> [EXERCISE AIM] Only the lines from the first line of the data through the line containing "Good afternoon everybody." belong in the answer, transcribed exactly; pictures do not.

Items from a dataset:
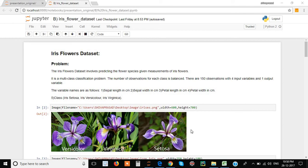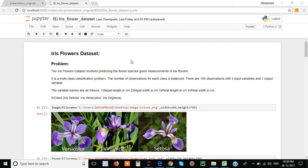Hello friends, welcome to this session on prediction of flower species. As I explained in the previous video on how to solve machine learning problems, here is the first example. In this dataset we are going to predict the flower species with given measurements of the iris flower. From the input attributes we are going to predict the species — which type of species the flower belongs to.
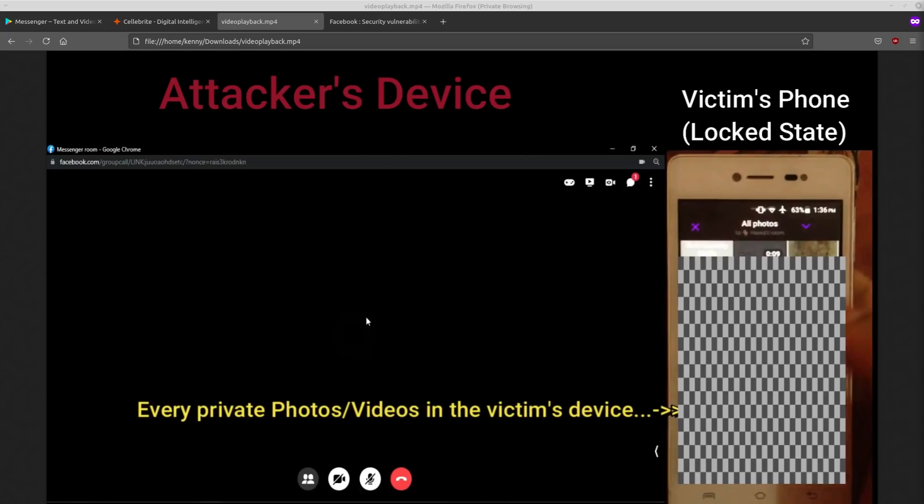Especially considering that this isn't a remote attack. You know, it's not something that a person can just do over the Internet. It's not even really proximity based. It's not like a Bluetooth attack or anything. It literally requires physical access to the device, which a lot of people would consider a device to be compromised at that point anyway.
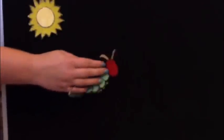The Very Hungry Caterpillar by Eric Carle. In the light of the moon a little egg lay on a leaf. On Sunday morning the sun came up and pop! Out came a tiny and very hungry caterpillar.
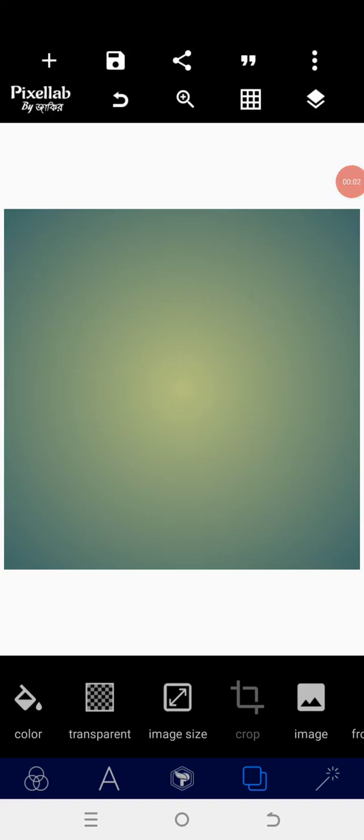Hey, welcome back guys. Today we shall be learning how to manipulate a 7-Up product on our Android smartphone using our PC lab. So without wasting much of our time, let's get started.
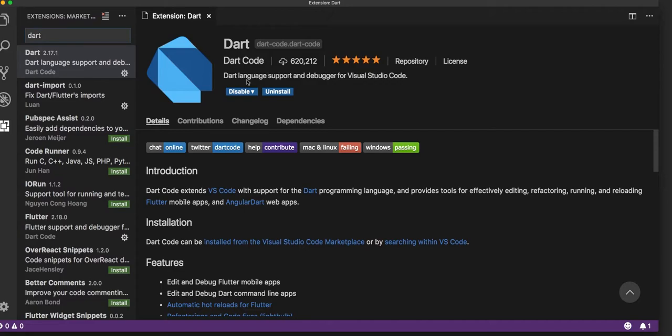Once that is done, the next step would be to install the Dart SDK, which we will follow in the next video.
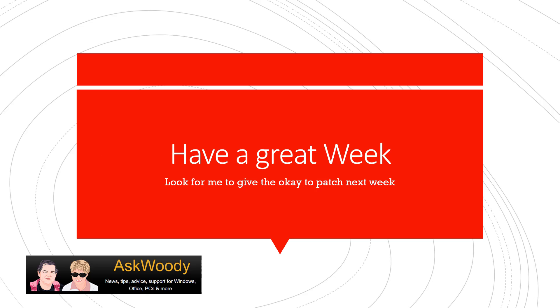As always, have a great week. Newsletter comes out tomorrow. And look for me to give the okay to patch the following week. So we're about a week away from giving the all clear and giving you a heads up on various different issues I've been tracking. Until next time, this is Susan Bradley for askwoody.com.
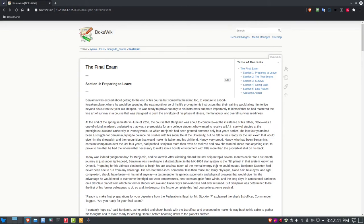Good afternoon everybody. This is Dan Calloway here with the Linux Unix Tech Channel, otherwise known as Data Pioneer on YouTube. Today I want to do part two of the DocuWiki video I did a couple of days ago. In part one, I showed you how I installed DocuWiki using Portainer and Open Media Vault, using a Docker container image and deploying the stack to a Docker container on Docker Hub.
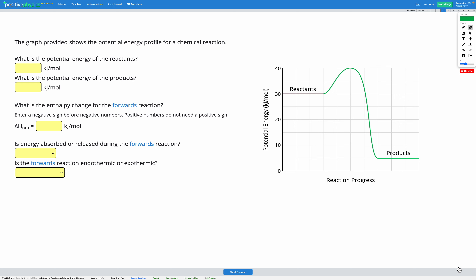In this question, we're provided with a graph that shows the potential energy profile for a chemical reaction. We have potential energy in kilojoules per mole on the y-axis and reaction progress on the x-axis. We start with reactants on the left and end up with products on the right — that's the reaction progressing forwards from reactants to products.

> [RESPONSE TO THE EXERCISE]
Hello friends, welcome to this session on prediction of flower species. As I explained in the previous video on how to solve machine learning problems, here is the first example. In this dataset we are going to predict the flower species with given measurements of the iris flower. From the input attributes we are going to predict the species — which type of species the flower belongs to.
Especially considering that this isn't a remote attack. You know, it's not something that a person can just do over the Internet. It's not even really proximity based. It's not like a Bluetooth attack or anything. It literally requires physical access to the device, which a lot of people would consider a device to be compromised at that point anyway.
The Very Hungry Caterpillar by Eric Carle. In the light of the moon a little egg lay on a leaf. On Sunday morning the sun came up and pop! Out came a tiny and very hungry caterpillar.
Hey, welcome back guys. Today we shall be learning how to manipulate a 7-Up product on our Android smartphone using our PC lab. So without wasting much of our time, let's get started.
Once that is done, the next step would be to install the Dart SDK, which we will follow in the next video.
As always, have a great week. Newsletter comes out tomorrow. And look for me to give the okay to patch the following week. So we're about a week away from giving the all clear and giving you a heads up on various different issues I've been tracking. Until next time, this is Susan Bradley for askwoody.com.
Good afternoon everybody. This is Dan Calloway here with the Linux Unix Tech Channel, otherwise known as Data Pioneer on YouTube. Today I want to do part two of the DocuWiki video I did a couple of days ago. In part one, I showed you how I installed DocuWiki using Portainer and Open Media Vault, using a Docker container image and deploying the stack to a Docker container on Docker Hub.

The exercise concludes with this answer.